Yadier Molina doubled to left field with two outs and Matt Carpenter at first base in the bottom of the ninth inning at Busch Stadium. The ball caromed off an advertisement for the Missouri Lottery beyond the wall, and Carpenter raced home with the winning run.
However, the ball should have been ruled dead, forcing Carpenter to return to third. Cincinnati manager Bryan Price followed the umpires off the field and spoke with them in the tunnel, but according to the crew chief, the Reds' call to review the play was too late and the winning run stood.
"In this situation, Bryan Price did not come up on the top step (of the dugout),"crew chief Bill Miller told a pool reporter. "We stayed there. I waited for my partners to come off the field. I looked into the dugout, the Cincinnati dugout and Bryan Price made no eye contact with me whatsoever and then, after 30 seconds, he finally realized. Somebody must have told him what had happened and we were walking off the field."
Miller said none of the four umpires had an inkling the ball hit the sign, or they would have reviewed it themselves.
Teams are supposed to demonstrate their intent to review a play within 10 seconds and make up their mind within 30 seconds, but on plays that end the game, that decision must be "immediate," according to Replay Review Rule II D-3.
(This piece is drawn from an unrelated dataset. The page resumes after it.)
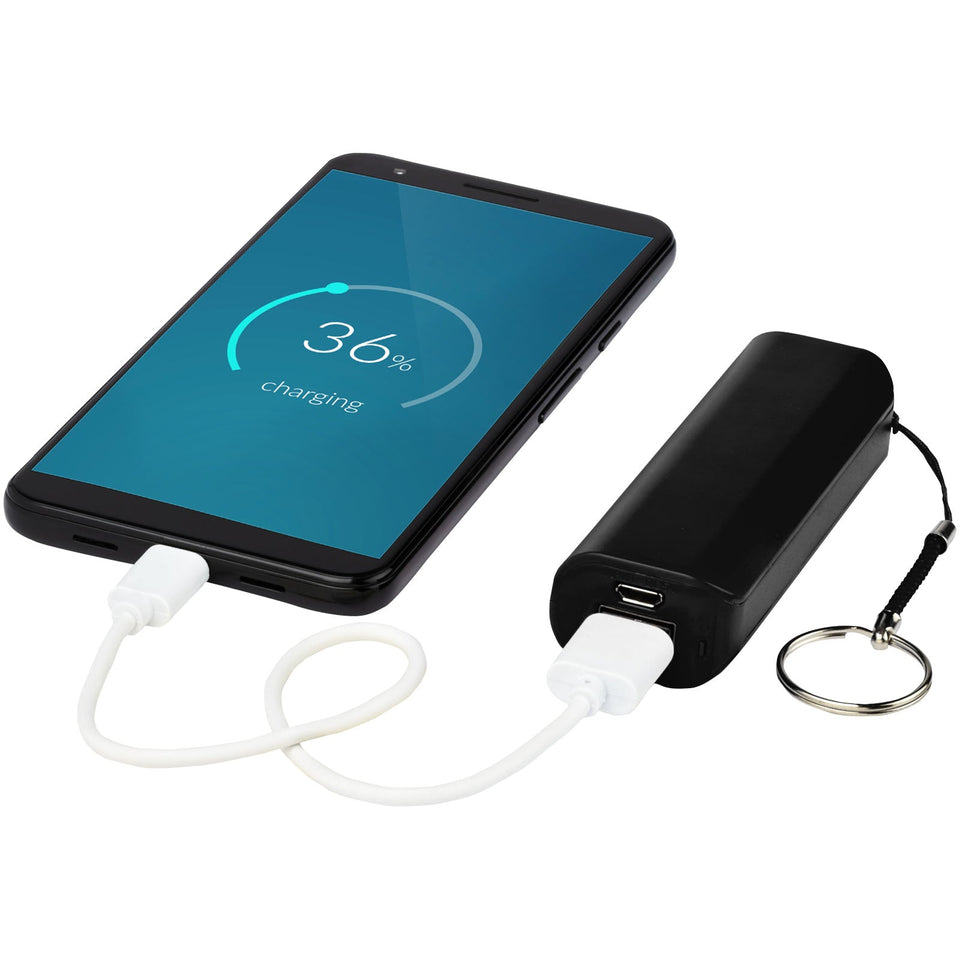 Power bank Span da 1200 mAh personalizzato con logo - Pubblienne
As the Cardinals mobbed Molina between first and second base, several Reds players milled about on the field as if awaiting a replay review.
"I saw the Reds still on the field, but I didn't know what happened so I came inside and they were saying it was a ground-rule double," Molina said. "I didn't know what happened at the moment."
Cardinals manager Mike Matheny, whose team trails the Giants by a half-game for the final wild-card spot pending the late game in San Francisco, acknowledged that the ground rules at Busch Stadium made that a dead ball.
The Cardinals didn't stick around long to see if there would be a review.
"They celebrated on the field and there's no reason to hang around," Matheny said.
Carpenter was about halfway between second and third base when the ball collided with the padded sign, so he would have been ordered back to third had umpires realized it was a dead ball.
"When the ball's hit I'm running as hard as I can. I never looked or saw where it was," Carpenter said. "I'm picking up the third-base coach and got the wave, and that's a fun way to win a game."